One Agawam woman found that history and set out to find the family of a Navy Veteran who served his country in the 1930s.

Cecelia Rossi said she wanted to track down the family of the man who wrote her father extensively while serving his country. She managed to do that right before Memorial Day.

Not everyone’s dad is as meticulous a record keeper as Cecelia Rossi’s.

Her late father Romeo took albums of photographs and the Agawam woman learned he also held onto postcards written to him by a friend over the years.

Rossi said she didn’t know about those until her sister-in-law found them and typed them up in document form.

“It came to over how many pages?”

“75,” Rossi said.

The correspondence is between Romeo and Sam Annino, childhood friends who grew up on Chestnut Street in West Springfield.

Rossi said Annino went off to serve in the Navy in the 1930s

“He went to Cuba, Panama, Alaska, Honolulu,” Rossi said.
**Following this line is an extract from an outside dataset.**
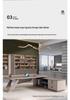 Modern Simple Executive Desk and Chair Set: Large Office Furniture for Presidents and Managers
While the lingo may have changed,

“‘Oh this is swell’ and ‘fellows’,” Rossi said.

The bond of friendship reveals a portrait of a young man who saw the same frustrations and sacrifice of serving away from loved ones that soldiers still face today.

“He said ‘so Romeo did you break your fingers where’s my letter?… He loved to dance. He didn’t like to drink,” Rossi said.

Rossi said her father died before the age of 50, and learning about him through the saved memories inspired her to try and give the same experience to Sam Annino’s relatives.

“Somebody must know him or knew of him,” Rossi said.

So she took to Facebook and Rossi said someone responded, “Emailed me and said “I lived right next door to Sam Annino,” Rossi said.

Rossi said the printed correspondence was sent to a family member

“[a] niece in Brewer, Maine,” Rossi said.

You may know the names of your relatives and where they sit on the family tree but Rossi said getting to the root of who they were keeps a legacy alive.

“It’s so important to know where you came from how you got to be where you are,” Rossi said.

Rossi said she also learned that Sam Annino has family in the south and hopes they get to read about their relative’s military service, through his own words as well.